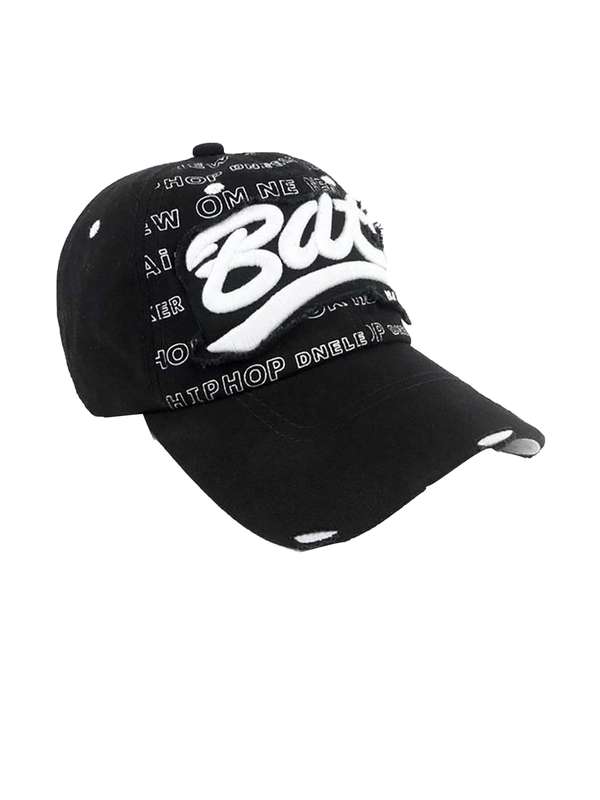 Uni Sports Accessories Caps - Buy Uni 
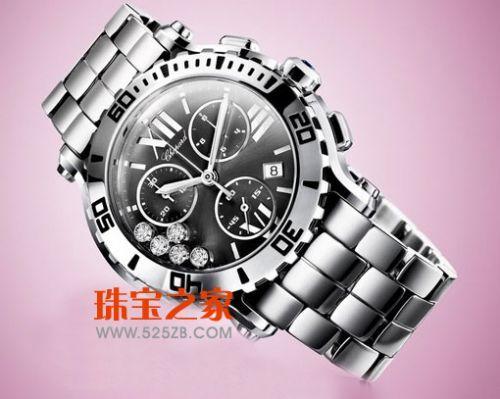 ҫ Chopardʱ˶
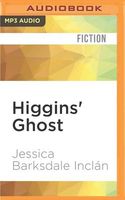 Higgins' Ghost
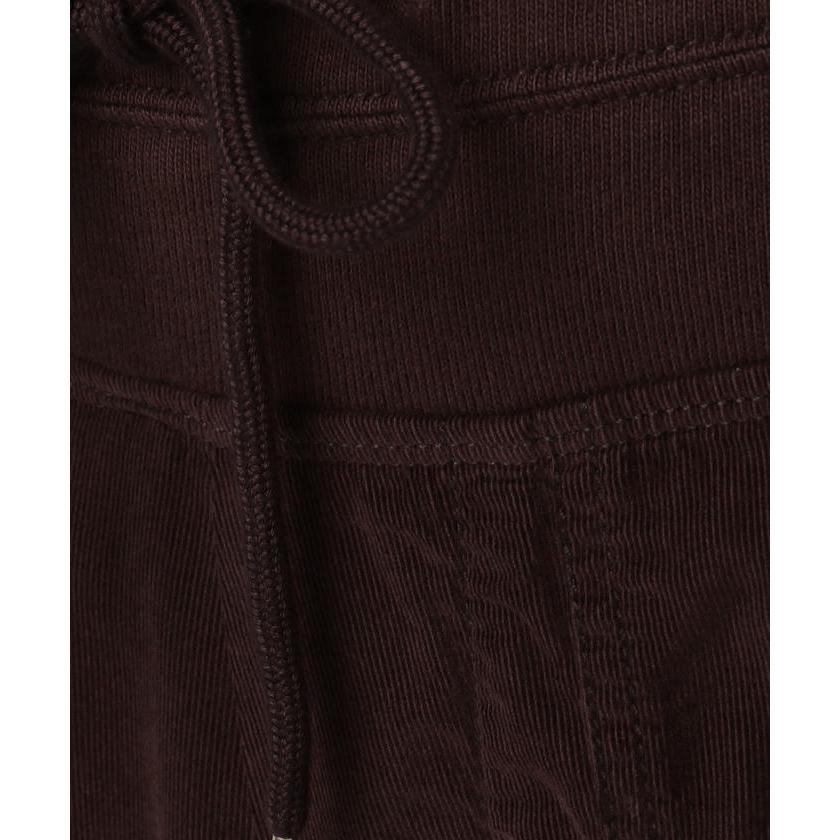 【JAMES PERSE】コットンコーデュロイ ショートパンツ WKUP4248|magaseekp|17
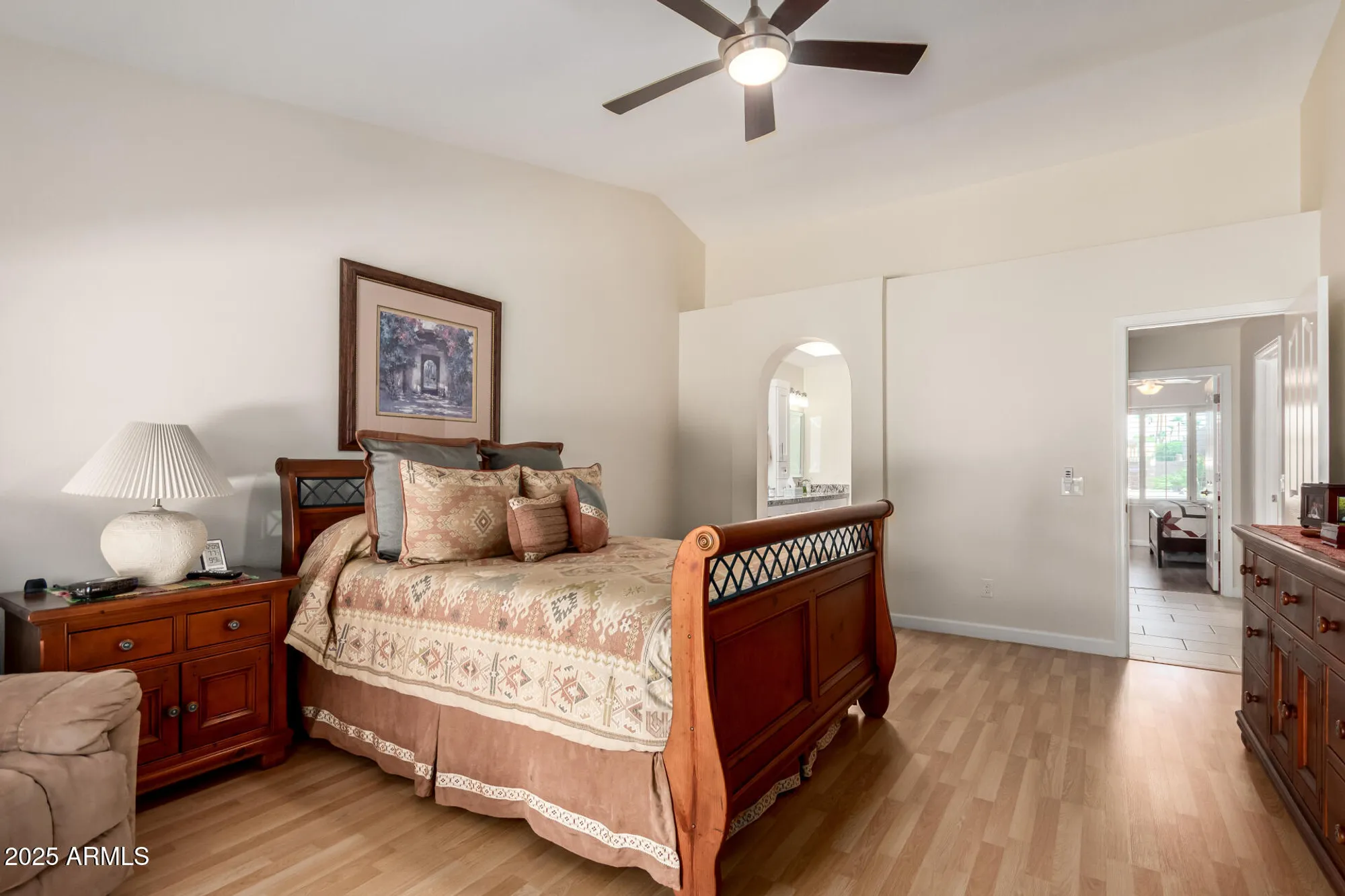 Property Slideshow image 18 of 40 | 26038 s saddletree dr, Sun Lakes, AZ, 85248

#### EXERCISE GOAL:
The copy should hold every entry above word for word and none of the pictures.

#### SOLUTION FOR THIS EXERCISE:
 Uni Sports Accessories Caps - Buy Uni 
 ҫ Chopardʱ˶
 Higgins' Ghost
 【JAMES PERSE】コットンコーデュロイ ショートパンツ WKUP4248|magaseekp|17
 Property Slideshow image 18 of 40 | 26038 s saddletree dr, Sun Lakes, AZ, 85248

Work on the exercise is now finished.